O cineasta italiano se apresenta
eufórico e sorridente à reportagem
da Folha, para uma conversa exclusiva sobre a sua mais recente
obra cinematográfica, o premiadíssimo filme "La Vita È Bella" ("A
Vida É Bela"), que entra em cartaz
hoje no Brasil. Leia trechos de sua
entrevista.
Folha - Você esperava uma repercussão tão grande de seu filme?
Roberto Benigni - Tinha uma certeza dentro de mim de que estava
fazendo o melhor filme possível. O
que sinto agora é uma emoção
muito forte ao receber tantos elogios das pessoas pelo meu trabalho. Sinto-me amado e necessitando retribuir toda essa maravilhosa
demonstração de amor. Quando
passo pelas ruas de Los Angeles,
Nova York ou qualquer outra cidade do mundo, a minha vontade é
sair beijando todo mundo como
forma de gratidão.
Folha - Na sua opinião, o que é
mais importante: tornar-se feliz ou
levar a felicidade aos outros?
Benigni - Sem dúvida fazer as
pessoas felizes primeiro. Essa relação de amor é inclusive o sentimento mais forte que tento passar
no filme. Busquei mostrar que o
amor, a imaginação e a liberdade
podem conquistar tudo nessa vida.
Infelizmente a tragédia pode acontecer em nosso caminho. Estamos
felizes e de repente uma reviravolta
inesperada ocorre e você deve estar preparado para enfrentá-la.
Folha - O que Roberto Benigni
mais aprecia em Guido?
Benigni - A maneira como ele
reage diante das dificuldades que
surgem em sua vida e na de sua família. É maravilhoso o jeito como
ele usa a imaginação própria e o
amor como armas de proteção da
inocência e pureza até mesmo das
pequenas coisas da vida. De certa
forma me acho um pouco parecido
com Guido. Estou sempre procurando encontrar o lado positivo
das coisas, especialmente nos momentos mais complicados.
Logicamente tenho que admitir
que jamais passei nem de longe
por circunstâncias tão trágicas como as vividas por Guido. Não sei
se, se eu estivesse na pele dele, a
minha reação seria a mesma.
Folha - Quando pensou na idéia
de usar o tema do Holocausto numa comédia, não passou por sua
cabeça a possibilidade de ser criticado por isso?
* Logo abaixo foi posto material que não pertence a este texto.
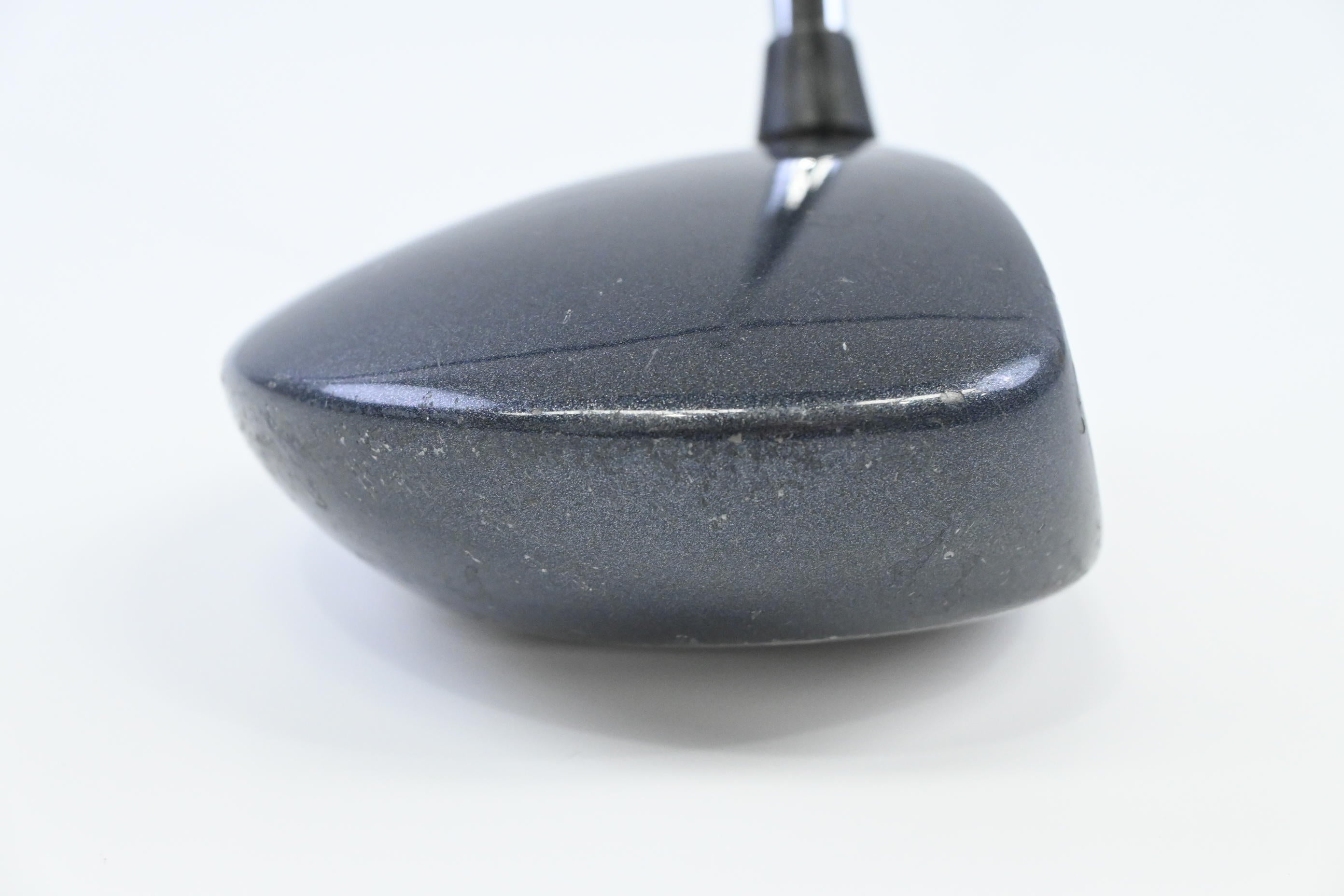 Callaway Steelhead III #3 Wood / 15 Degree / Uniflex Callaway Steelhead III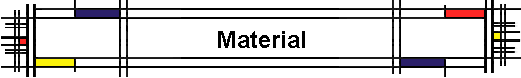 Material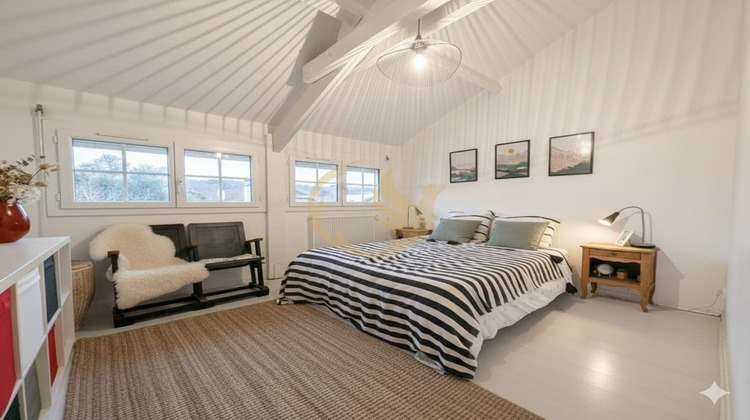 Ma-Cabane - Vente Maison Billère, 145 m²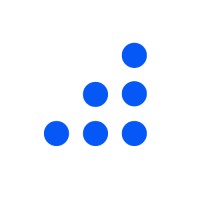 GGL Logistics logo - Similar company to Callerwall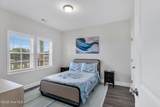 102 Orca Way - Photo 30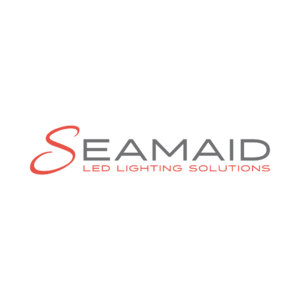 Logo Client Seamaid
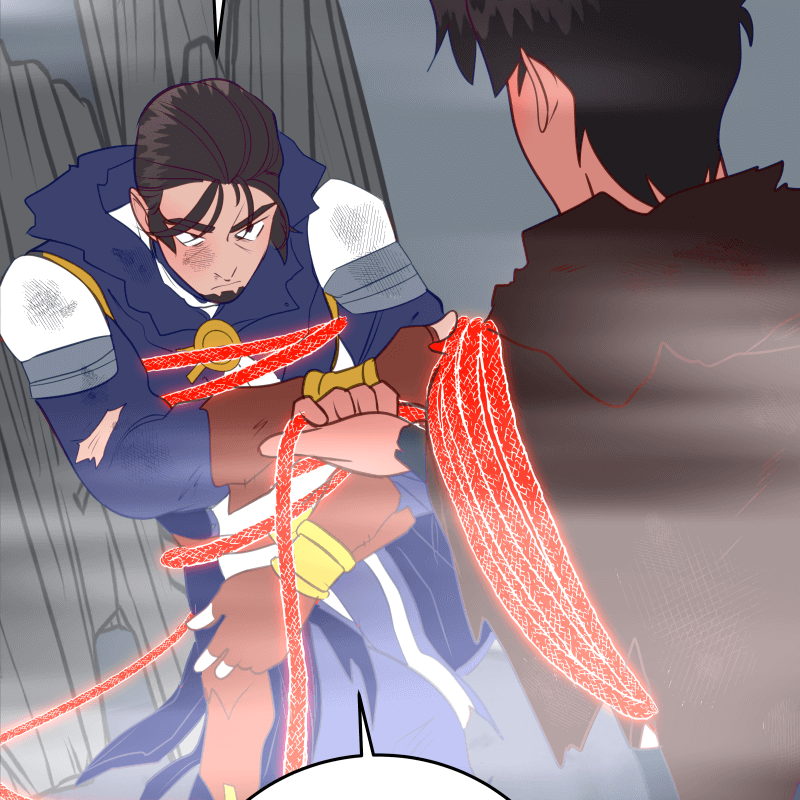 Love Me to Death Chapter 51 - Page 46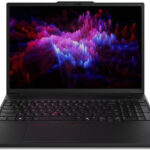 Lenovo ThinkPad P16s G3 21KS000DCK recenze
Benigni - O fato é que existe muito preconceito em relação aos atores que fazem comédia. Na cabeça
de muita gente, um comediante jamais deve falar de coisas sérias. É o
que eu chamo de racismo artístico.
Eu acho que muitas vezes somente os palhaços conseguem
atingir determinados pontos de
uma tragédia. Eles são os maiores
exemplos de pureza e inocência
que existe, por expressar tão brilhantemente as tragédias da vida.
Agora, quanto a críticas, eu já esperava porque trato no filme da
maior tragédia da história humana. Mas hoje eu me sinto gratificado em saber que as pessoas entenderam meu filme, inclusive a comunidade judaica.
Folha - Como você reage à possibilidade de "A Vida É Bela" ser indicado na categoria de melhor filme?
Benigni - Se isso realmente acontecer, eu acho que vou querer fazer
amor com todo mundo que cruzar
o meu caminho durante um mês
inteiro até o dia da festa do Oscar
(risos). Portanto, tome cuidado
(uma longa gargalhada).
Folha - E se por acaso você acabar levando o Oscar? Em Cannes,
por exemplo, você decidiu beijar
os pés de Scorsese. O que faria se
recebesse o Oscar agora?
Benigni - Não me diga isso, que
vou começar a pular como louco
aqui. Normalmente eu não preparo discursos e falo com meu corpo,
já que um momento desses é tão
maravilhoso que as palavras saem
naturalmente.
Folha - Voltando ao filme, como
foi que você encontrou o garoto
que faz o papel de Giosué?
Benigni - Confesso que não foi tarefa fácil. Já havia conversado com
mais de mil garotos, muitos deles
bons para outros papéis, mas não
para encarnar Giosué. Foi quando
surgiu Giorgio Cantarini, um verdadeiro presente dos céus.
Ele ia me encontrar acompanhado da mãe, mas acabou decidindo
ir sozinho. Vestia um longo casaco,
que mais parecia uma roupa de palhaço. Contou-me que na noite anterior ao nosso encontro ele havia
tido um sonho no qual eu me aproximava e dizia: "Você vai ser meu
filho no próximo filme". A maneira que ele narrou o sonho me conquistou de imediato. Giorgio possuía luz idêntica à de Giosué.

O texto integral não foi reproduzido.